|
«Плач
палача»
Палач не
придет
Поставь Марк Захаров свой спектакль тридцать лет назад,
случился бы страшный скандал. «Плач палача» моментально бы закрыли, но
счастливцы, успевшие побывать на генеральной,
раструбили бы о нем по всему свету. МК КПСС собралось бы на срочное совещание,
чтобы обсудить, как докатился до жизни такой главреж театра им.Ленинского комсомола. Впрочем, с поста главрежа Захарова
сняли бы незамедлительно. А еще влепили бы строгача по
партийной линии, или вообще заставили бы положить на стол партбилет, который он
так эффектно сжег после путча.
Но тридцать лет назад Захаров ставил «Автоград XXI», а «Ночной разговор»
Фридриха Дюрренматта и «Эвридику» Ануя, которые объединил сегодня в «Плаче
палача», почитывал для своего удовольствия. И вот наконец-то, настал подходящий
политический момент, чтобы обличить власть имущих, воззвать к совести
современников и бросить в зал железные слова, облитые горечью и злостью.
Страна развалена, униженный народ прозябает под властью ворюг и кровопийц, население не желает размножаться, а
если уж пытается, то порождает только даунов и маньяков.
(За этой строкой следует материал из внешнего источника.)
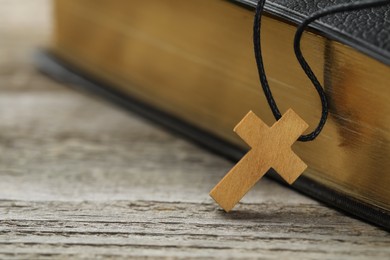 Christian cross and Bible on white wooden table, closeup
Это только
небольшая часть обвинений, которые предъявляют соотечественникам Писатель
(Александр Лазарев) и Палач (Александр Абдулов). На самом деле, палач пришел к
художнику слова, чтобы отправить его на тот свет. Но вместо этого враги выпили
водочки, подробно перемыли косточки руководству страны и обнаружили друг в
друге родственные души. Палач растрогался и дал творцу шанс прожить еще одну
жизнь.
Тут пьеса Дюрренматта заканчивается и начинается пьеса Ануя.
Александр Лазарев, похлопав ресницами, обнаруживает себя уже не писателем, а
музыкантом. Его зовут Орфей, он только что влюбился в Эвридику (Мария
Миронова). Ему предстоит пережить ее гибель и попытаться вызволить из ада, -- и все это под неусыпным наблюдением Палача, который
сменяет свой черный камуфляж на белый плащ от Боско ди Чильеджи, а роль
наемного убийцы на амплуа всезнающего божества.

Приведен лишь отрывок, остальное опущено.